Why Does Stopping Genocide Require Bloated Defense Budgets?

Andrew Sullivan —  Feb 9 2012 @ 10:53am

by Zack Beauchamp

Robert E. Kelley argues that there's an essential conflict between ending American military overreach and preventing mass atrocities:

It is awfully tempting to think that just a little bit more exertion, a little more defense spending, a little more covert assistance could help push through desperately needed change in places like Syria or Zimbabwe…

But that’s exactly the ‘utopian’ attitude toward force that realists from Morgenthau to Walt would disparage, right? One small step leads to another to another, and pretty soon you’ve got US empire to handmaiden democracy everywhere all the time, with all the militarization, killing and other unintended consequences such a project must inevitably entail. 

But there's no reason that the US needs to maintain its current level of defense spending to either 1) conduct limited interventions like the one in Libya or 2) assist pro-democracy movements through diplomatic or covert mechanisms. In fact, there are serious arguments that overspending on defense actually weakens both the US military and American ability to influence events abroad more broadly. Nor does a commitment to humanitarian intervention in some cases require intervention in all of them.

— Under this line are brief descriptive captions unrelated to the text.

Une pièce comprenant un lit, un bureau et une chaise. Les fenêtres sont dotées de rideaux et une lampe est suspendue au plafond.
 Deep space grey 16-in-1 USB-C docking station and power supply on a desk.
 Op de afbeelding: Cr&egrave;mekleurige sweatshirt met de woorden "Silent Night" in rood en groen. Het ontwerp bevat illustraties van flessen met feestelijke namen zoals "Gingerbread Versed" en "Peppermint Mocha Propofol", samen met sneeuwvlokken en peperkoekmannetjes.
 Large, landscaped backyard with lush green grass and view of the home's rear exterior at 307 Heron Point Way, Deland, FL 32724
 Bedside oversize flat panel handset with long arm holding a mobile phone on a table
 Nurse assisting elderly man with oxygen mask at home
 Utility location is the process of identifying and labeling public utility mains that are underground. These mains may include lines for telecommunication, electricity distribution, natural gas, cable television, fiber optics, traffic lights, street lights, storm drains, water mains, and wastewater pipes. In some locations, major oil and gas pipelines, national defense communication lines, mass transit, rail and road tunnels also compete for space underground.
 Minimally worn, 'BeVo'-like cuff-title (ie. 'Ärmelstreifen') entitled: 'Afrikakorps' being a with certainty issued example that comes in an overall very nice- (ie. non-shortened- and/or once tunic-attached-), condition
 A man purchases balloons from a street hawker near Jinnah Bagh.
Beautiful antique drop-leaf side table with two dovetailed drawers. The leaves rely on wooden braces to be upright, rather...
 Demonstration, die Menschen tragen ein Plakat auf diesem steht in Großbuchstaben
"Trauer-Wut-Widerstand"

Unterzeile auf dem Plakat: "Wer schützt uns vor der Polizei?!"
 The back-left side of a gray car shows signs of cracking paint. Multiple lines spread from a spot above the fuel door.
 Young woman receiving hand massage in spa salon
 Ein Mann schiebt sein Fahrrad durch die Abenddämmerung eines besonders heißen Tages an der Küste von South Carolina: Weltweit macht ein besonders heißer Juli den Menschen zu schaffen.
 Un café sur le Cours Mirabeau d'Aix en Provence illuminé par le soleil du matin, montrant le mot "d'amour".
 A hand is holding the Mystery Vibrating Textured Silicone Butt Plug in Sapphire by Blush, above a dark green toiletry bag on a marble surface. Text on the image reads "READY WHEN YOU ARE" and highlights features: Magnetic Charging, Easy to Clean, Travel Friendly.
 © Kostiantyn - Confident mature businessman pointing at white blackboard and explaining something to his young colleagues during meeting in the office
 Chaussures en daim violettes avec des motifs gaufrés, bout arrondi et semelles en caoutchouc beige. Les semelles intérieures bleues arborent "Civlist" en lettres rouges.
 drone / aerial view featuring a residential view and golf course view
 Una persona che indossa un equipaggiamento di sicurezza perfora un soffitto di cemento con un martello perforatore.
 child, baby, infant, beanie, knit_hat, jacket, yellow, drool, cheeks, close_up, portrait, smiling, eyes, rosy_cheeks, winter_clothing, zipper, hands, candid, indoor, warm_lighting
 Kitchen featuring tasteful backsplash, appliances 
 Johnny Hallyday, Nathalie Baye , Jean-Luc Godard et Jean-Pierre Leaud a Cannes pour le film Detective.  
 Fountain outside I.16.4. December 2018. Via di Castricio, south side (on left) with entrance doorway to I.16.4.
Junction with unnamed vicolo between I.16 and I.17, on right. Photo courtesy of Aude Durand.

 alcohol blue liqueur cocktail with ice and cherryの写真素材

The "unintended consequences" Kelley principally worries about are "torture, indefinite detention, Guantanamo, drones, Islamophobia, [and] national security state overkill," among others. But those don't follow from an American commitment to promoting rights abroad – they're consequences of an obsessive focus on the threat to the American homeland from terrorist groups. A foreign policy more oriented around the defense of rights abroad, if anything, would be more sensitive to overreaches following from the war on terror as they damage America's standing when talking about promoting democracy.